Dutch Paralympic board executive

Rita van Driel (born February 25, 1961) is a Dutch board executive of the International Paralympic Committee since 2009. During her time with the IPC, she was an evaluator of the 2022 Winter Paralympics and coordinator of the 2022 Winter Olympics. Before joining the IPC, van Driel was an evaluator of the 2010 Winter Olympics for the International Olympic Committee.
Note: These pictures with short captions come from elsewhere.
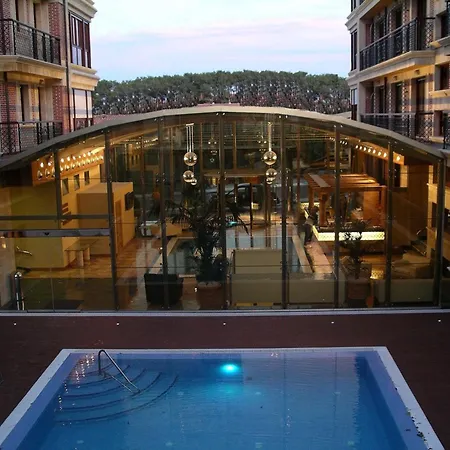 Gran Hotel Liber & Spa Playa Golf-3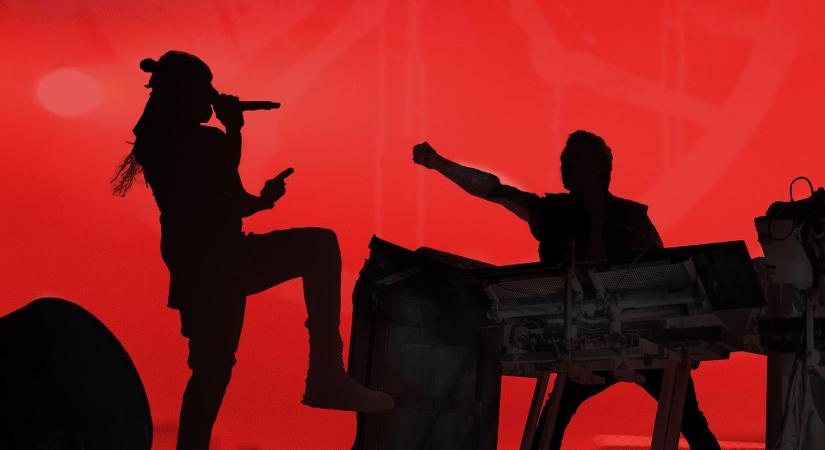 Nyolc év után 2026-ban visszatér Magyarországra a legendás brit csapat, a The Prodigy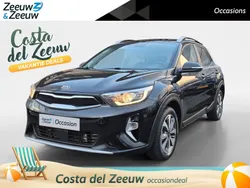 (abp) aurora black pearl m Gebruikt 2021 Kia Stonic SUV | € 18.945 (Goede deal)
==Early life and education==
Rita van Driel was born on February 25, 1961, in Rotterdam, Netherlands. In the 1980s, she completed a teacher's college program and specialized as a gym teacher. Afterwards, van Driel went to the University of Groningen to complete her post-doctorate in sports management. In 2013, she completed an additional certificate from the World Academy of Sports.

==Career==
In 1984, van Driel started her career as an elementary school teacher in Rotterdam. She moved onward in 1989 to the Dutch Ski Federation and became an instructor for skiers with disabilities. After leaving her instructing position in 1997, she worked as a high school skiing teacher until 2001. Outside of her teaching career, van Driel has been a part of multiple sporting organizations. In 2003, van Driel started her position at the International Olympic Committee as part of the evaluating committee for the 2010 Winter Olympics. In 2008, van Driel started to work at the NOC*NSF. The following year, she was elected onto the board of governors for the International Paralympic Committee. During her time at the IPC, van Driel was selected to be an evaluating member of the 2022 Winter Paralympics in 2014, and as a coordinator of the 2022 Winter Olympics in 2016. Van Driel was reelected to the IPC in 2017.